Tegabu Suresi
Kur`nı-ı Kerim`in 64. Suresi olan Tegabün Suresi, adını dokuzuncu ayetten almaktadır. Tegabun aldanma, gaflete düşme, kusurların ortaya çıkması anlamlarına gelmektedir. Nüzul sıralamsında 107. Suredir. Ayette kıyametten bahsedilirken, insanların o gün aldanmış olduklarını fark edecekleri için kıyamete "tegabun günü", yani "aldanış ve gafletin farkına varma günü" denilmiştir.
“Toplanma vakti için Allah'ın sizi toplayacağı günü düşün. O gün aldanışın ortaya çıkacağı gündür. Kim Allah'a inanır ve salih amel işlerse, Allah onun kötülüklerini örter ve onu içinden ırmaklar akan, ebedî kalacakları cennetlere sokar. İşte bu büyük başarıdır.” (Tegabun: 9)

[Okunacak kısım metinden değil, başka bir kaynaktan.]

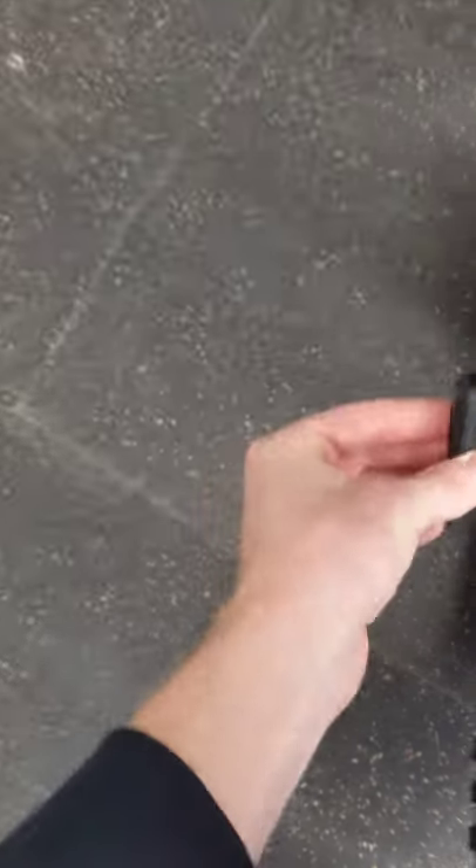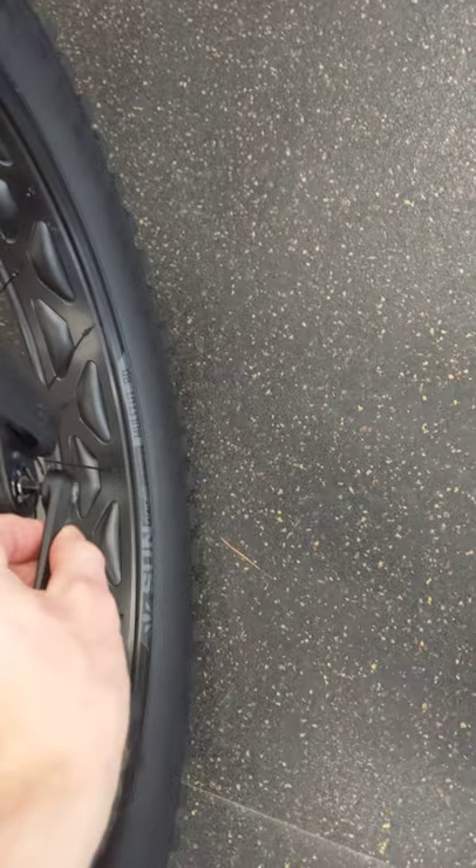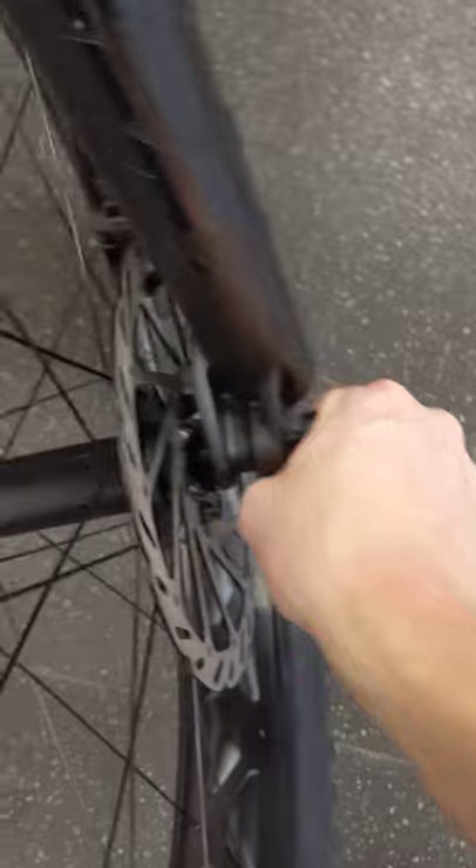And now you have an Allen key which fits directly into. There it goes. Now you can take the wheel off.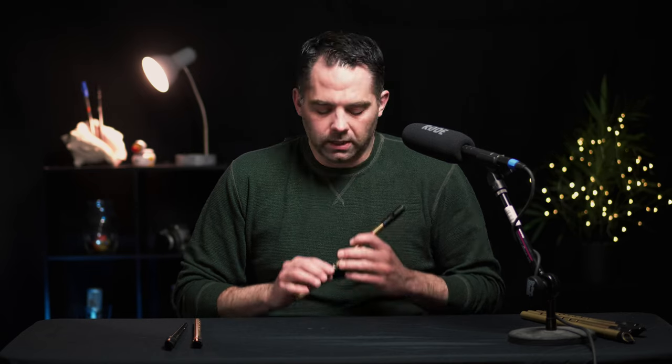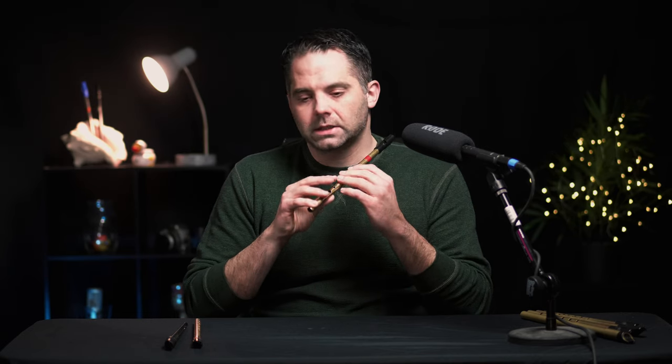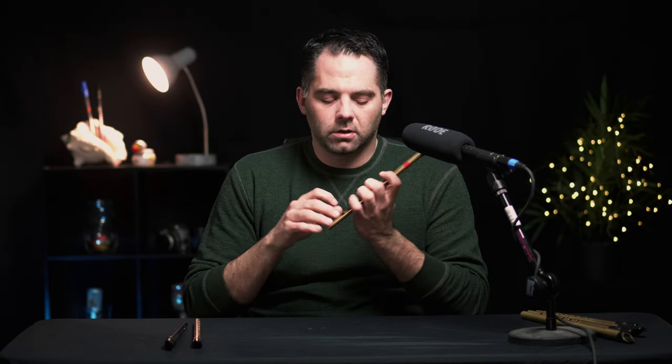Welcome back y'all. Today we get to do something kind of fun — we get to do our very first ornament, and that is the slide: sliding from one note up to the next. It's a nice transitional ornament. It works great in slower tunes, but you can also use it in the faster jigs and reels, which we will get to down the road.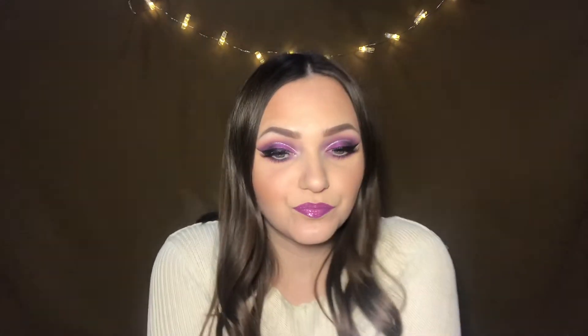Hi guys, welcome to my channel. My name is Dora and today I filmed this beautiful purple look. If you want to know how I created it and what products I used, please keep on watching and of course subscribe to my channel.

Sure hamd ve tesbih ile başlar. Mülkün yegane sahibine, herşeye kadir olana hamd edilir. Cenab-ı Allah tüm varlığı yaratandır. Herkesin yaptıklarını görendir. O`ndan başka ilah yoktur. Gökleri ve yeri yaratmıştır. Gizlenen ve açıkta olan herşeyi bilir. Kalplerde saklı olanı bilir. Dönüş ancak O`nadır.
Allah`ın elçileri insanlara apaçık delillerle gelirler. İnsanları Allah`ın dinine davet ederler. Fakat inkar edenler bir beşerin kendilerini doğru yola iletemeyeceklerini ileri sürerler. Bu davetten yüz çevirirler. İnkar ile birlikte hayatın, bu dünyadan ibaret olduğunu ahiretin, ölümden sonra dirilişin mümkün olmadığını söylerler. Fakat Allah katında bu iş zor değildir. Cenab-ı Allah mevcudatı yokluktan vücuda getirmeye kadir olduğu gibi ölümden sonra dirilişine de kadirdir. Bir şeyin Allah için zor olması mümkün değildir.
İnkar edenler için mahşer günü zor bir gündür. İman edenlerin ise hataları bağışlanır, onlar için, ebedi kalacakları, altından ırmaklar akan cennetler vardır. Allah`ın ayetlerini yalanlayanlar, inkar edenler ise cehennem ehlidir. O gün cehennem onları beklemektedir.